SUPPLIED MATERIAL>
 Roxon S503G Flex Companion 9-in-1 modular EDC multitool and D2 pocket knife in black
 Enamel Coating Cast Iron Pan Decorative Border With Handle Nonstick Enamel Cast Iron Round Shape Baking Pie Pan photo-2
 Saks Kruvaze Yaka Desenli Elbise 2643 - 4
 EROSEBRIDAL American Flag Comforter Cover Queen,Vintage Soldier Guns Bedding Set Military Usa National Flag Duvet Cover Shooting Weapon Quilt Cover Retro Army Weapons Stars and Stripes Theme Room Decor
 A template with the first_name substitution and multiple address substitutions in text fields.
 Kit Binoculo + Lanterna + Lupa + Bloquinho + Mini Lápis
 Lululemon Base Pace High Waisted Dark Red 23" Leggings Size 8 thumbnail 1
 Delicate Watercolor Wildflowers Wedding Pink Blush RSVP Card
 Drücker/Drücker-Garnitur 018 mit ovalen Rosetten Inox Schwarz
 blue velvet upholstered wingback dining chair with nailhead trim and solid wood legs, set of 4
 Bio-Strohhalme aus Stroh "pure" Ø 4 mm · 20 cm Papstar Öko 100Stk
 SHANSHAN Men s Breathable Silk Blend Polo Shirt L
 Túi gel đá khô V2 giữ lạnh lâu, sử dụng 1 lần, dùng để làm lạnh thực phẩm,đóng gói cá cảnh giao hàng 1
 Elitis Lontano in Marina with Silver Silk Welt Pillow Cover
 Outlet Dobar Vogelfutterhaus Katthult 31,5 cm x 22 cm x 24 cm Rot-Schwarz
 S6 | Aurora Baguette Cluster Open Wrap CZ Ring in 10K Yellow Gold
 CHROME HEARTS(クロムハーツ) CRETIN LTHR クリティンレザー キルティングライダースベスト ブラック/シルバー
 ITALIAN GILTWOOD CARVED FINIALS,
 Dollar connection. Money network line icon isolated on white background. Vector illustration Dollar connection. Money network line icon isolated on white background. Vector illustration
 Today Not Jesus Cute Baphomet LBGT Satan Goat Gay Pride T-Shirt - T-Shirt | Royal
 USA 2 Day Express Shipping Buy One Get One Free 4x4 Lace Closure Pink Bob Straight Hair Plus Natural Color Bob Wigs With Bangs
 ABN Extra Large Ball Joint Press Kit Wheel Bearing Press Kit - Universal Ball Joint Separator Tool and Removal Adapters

ACTIVITY> Everything from the line with "S6 | Aurora" to the last line of the entries above is to be retyped exactly. Include both ends.

RESPONSE TO THIS EXERCISE>
 S6 | Aurora Baguette Cluster Open Wrap CZ Ring in 10K Yellow Gold
 CHROME HEARTS(クロムハーツ) CRETIN LTHR クリティンレザー キルティングライダースベスト ブラック/シルバー
 ITALIAN GILTWOOD CARVED FINIALS,
 Dollar connection. Money network line icon isolated on white background. Vector illustration Dollar connection. Money network line icon isolated on white background. Vector illustration
 Today Not Jesus Cute Baphomet LBGT Satan Goat Gay Pride T-Shirt - T-Shirt | Royal
 USA 2 Day Express Shipping Buy One Get One Free 4x4 Lace Closure Pink Bob Straight Hair Plus Natural Color Bob Wigs With Bangs
 ABN Extra Large Ball Joint Press Kit Wheel Bearing Press Kit - Universal Ball Joint Separator Tool and Removal Adapters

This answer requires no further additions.